However, the Law of Unintended Consequences says that the base case is likely to be wrong. We just don’t know how yet.

In one alternative scenario, employers begin to dump coverage en masse, preferring to pay the penalty rather than exorbitant premiums. This outcome is even more likely if California is successful in establishing an insurance exchange offering affordable, high-quality options for individuals buying insurance with the help of federal subsidies.

The American Action Forum – headed by a former CBO chief – has published an analysis that suggests the number of new lives who purchase on the individual market could be three times the official estimate from the CBO. In this case, California’s insurers could find themselves competing furiously for individual policies, while the large group market stagnates or shrinks.

Another scenario

In another alternative scenario, government-sponsored plans – like the multistate plan that will be authorized by the federal Office of Personnel Management – are able to exploit their size and legal advantages to offer more competitive products than private insurers (much as Fannie Mae and Freddie Mac have done in the mortgage markets).

In this case, employers would likely still dump health coverage, but the employees would be scooped up by government plans offering better benefits and lower premiums. Private insurers would face a slowly dwindling market.

One final scenario is even scarier. In it, employers cut coverage en masse. But healthy individuals, knowing they can’t be denied, refuse to buy insurance until they get sick. The fines for being uninsured prove to be too small … or the government doesn’t enforce them … or the individual mandate is ruled unconstitutional.

With a risk pool made up of the sick, insurers are forced to raise premiums, which causes even more individuals to drop coverage. The resulting negative feedback loop pushes insurers into a death spiral, and the government is forced to step in and bail them out.

In the 1990s, several states – including Kentucky, Maine and Washington – passed laws requiring insurers to offer coverage to all comers and limit price discrimination. In those states that didn’t have an effective individual mandate (like Massachusetts does now), the individual market soon dried up, as healthy individuals declined to purchase coverage and insurers withdrew their offerings.

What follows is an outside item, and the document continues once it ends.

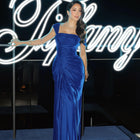 Luxury Royal Blue Cold Shoulder Ruched Fitted Evening Dress SF064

While the doomsday scenario may not be likely, it can’t be ruled out from where we are now. Just about the only thing we know for sure is that Southern California employers – both large and small – will face very difficult decisions about whether to continue providing health insurance coverage for their employees.

Tim DeRoche is the founder and president of DeRoche Consulting Group in Los Angeles, which specializes in strategy work for senior executives.